During the Holyrood campaign, list candidate Galloway declared he would be giving his constituency vote to the Conservatives, prompting some to remark that ‘Gorgeous George’ had travelled far from his roots as a left-wing firebrand. Galloway, on the left and on the move, has made quite the political journey over the years.
In 1987, he won Glasgow Hillhead for Labour and held its successor Glasgow Kelvin until the 2005 election, when he switched to Bethnal Green and Bow under the banner of his new Respect party. After a spell there, he crossed over into neighbouring Poplar and Limehouse in time for the 2010 election. Alas, it was not to be this time and he finished third behind the Tories. The following year provided a change of scenery and a return north of Hadrian's Wall for the Scottish parliament elections. Things didn’t go well here either, with Galloway failing to win a seat in Glasgow.

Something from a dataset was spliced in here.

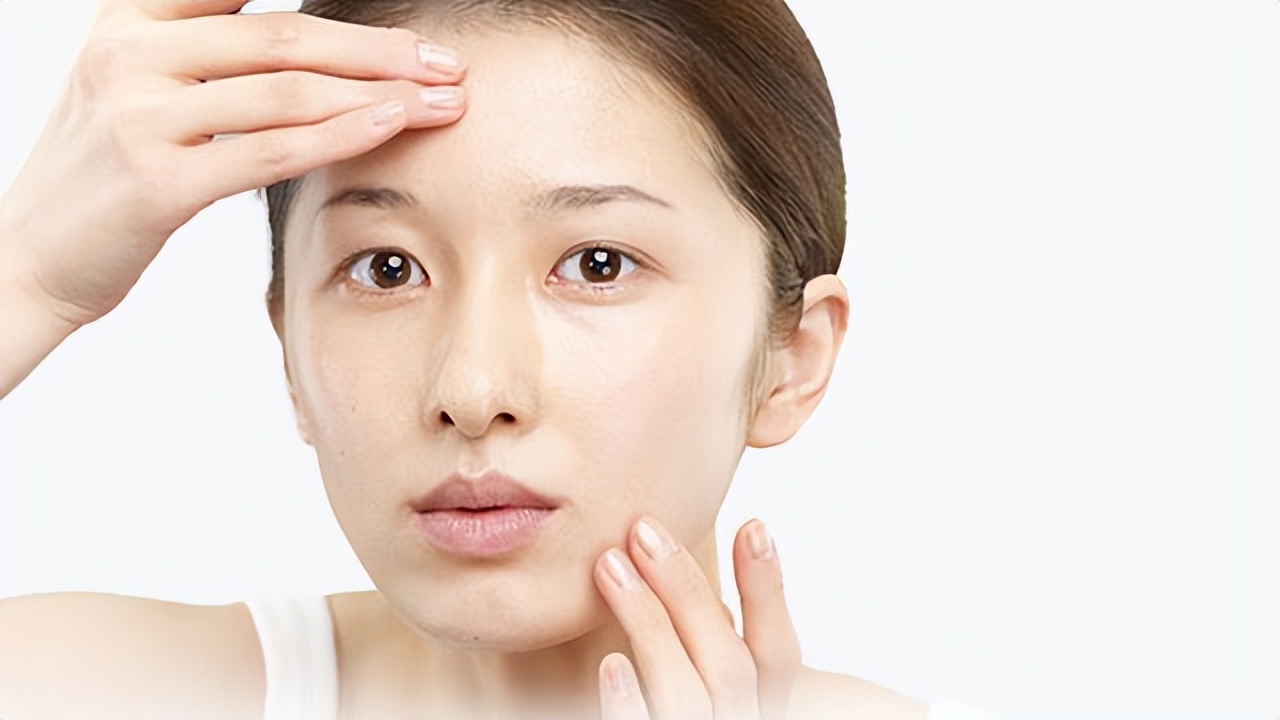 黛昂丝夏季鼻子毛孔粗大，这些方法帮你解决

Undeterred, he headed back down the M6 to West Yorkshire, for a 2012 by-election caused by the incumbent’s health-related resignation. Fortune favoured our intrepid journeyman on this occasion and the good burghers of Bradford West sent him back to Westminster. Democracy being the fickle business that it is, they changed their minds at the 2015 election and sent Galloway away on a new adventure. Soon enough, he was off to London like Dick Whittington (and, unlike Dick Whittington, he could be the cat too). The 2016 mayoral election was another disappointment though, with Galloway coming in seventh behind the Women’s Equality party and 0.2 per cent ahead of Britain First.
Not discouraged, the roving revolutionary pointed his electoral GPS northwards once more, arriving in Manchester Gorton to contest the 2017 election as an independent, only to place third. Two years later, he trekked southwards again, for the confusingly named West Bromwich East, where the 2019 election saw him come sixth and lose his deposit. He did at least finish 433 votes ahead of the Yeshua party, whose manifesto was the Ten Commandments.
It’s not yet clear whether our poor wayfaring stranger will be the candidate himself in the upcoming by-election. But Mr S believes in looking to the future so, rather than dwell on last week’s unfortunate outcome in Scotland, we wish Mr Galloway’s party well in Batley and Spen. And wherever comes next.